| Speaker: | Shyam Kapur |
| Infoseek Corporation, Sunnyvale, California, USA | |
| Date: | Tuesday 27th April 1999 |
| Time: | 11:30-12:30 |
| Place: | Seminar room 357, Building E6A, Macquarie University |
Abstract:
What was until recently only a fanciful thought is turning out to be a wonderful reality: With the dramatic growth of the Internet and the World Wide Web, more and more powerful possibilities of intentional and unintentional collaboration among the peoples and machines of this world are emerging. Some tasks such as computing the next prime number in a distributed fashion on thousands of PCs still require deliberate effort and organization. Others are largely automatic, even subconscious.
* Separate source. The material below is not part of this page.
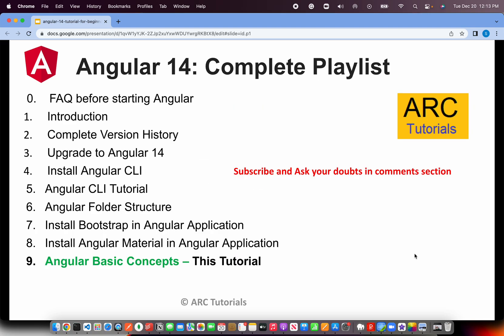This is episode number 9. Today we are learning about some of the basic concepts of Angular — what they are and what we need to learn as part of this series. If you have missed out on the previous episodes, make sure that you have gone through each one of them. I have covered them in detail so that you can learn and master Angular with me.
When you put up information on any Web site, or even just casually search or browse the Web, your actions make a real difference and enrich the experience of all future users. Alexa, Alta Vista, Amazon, and Direct Hit, to name just a few well-known companies, are already making use of you, the user, to improve every future user's experience in some specific ways.
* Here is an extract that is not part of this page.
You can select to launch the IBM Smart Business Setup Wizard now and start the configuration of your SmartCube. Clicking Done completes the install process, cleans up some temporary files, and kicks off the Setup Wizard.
Infoseek (now a part of the Go Network, www.go.com) is among the leaders in applying these ideas to improve the user experience. Numerous aspects of the content and the format of our sites, e.g., many of their search features and their directory features, are based on what users are expressing as their needs in a variety of ways. The new Go Network portal is claimed to be the first portal built from the ground up that aims to fulfill user needs best. Its goal is to give users control while making their lives easier in myriad ways.
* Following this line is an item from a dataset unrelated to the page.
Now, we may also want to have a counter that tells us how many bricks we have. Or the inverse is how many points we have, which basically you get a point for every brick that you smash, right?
In this talk, I will provide an early evaluation of our successes and failures. I will also discuss some of the underlying technologies paying the most dividends as well as some of their limitations. Finally, I will show that the answer to the key question is indeed, yes, you have made a difference today.
Biography:
Shyam Kapur is a Staff Scientist at Infoseek Corporation in Sunnyvale, California, working, in part, on some of the developments that will be discussed in his talk. He received his PhD in Computer Science from Cornell University in Ithaca, New York in 1992 with a dissertation on machine learning of natural and formal languages. During his subsequent two year stay as a postdoctoral fellow at the Institute for Research in Cognitive Science at University of Pennsylvania, he continued his doctoral work by building cognitively-plausible computational models for natural language learning and processing. In early 1994, Shyam moved to Australia to take up a lecturership at the Townsville campus of James Cook University. Attracted to the many possibilities the advent of the World Wide Web opened up, he built toolkits for sophisticated uses of the Web for teaching. He proposed methods for more effective management of information on the Web, from the points of the view of both its creators and users. He also designed, initiated and taught a new, up-to-date IT curriculum on the new campus in Cairns.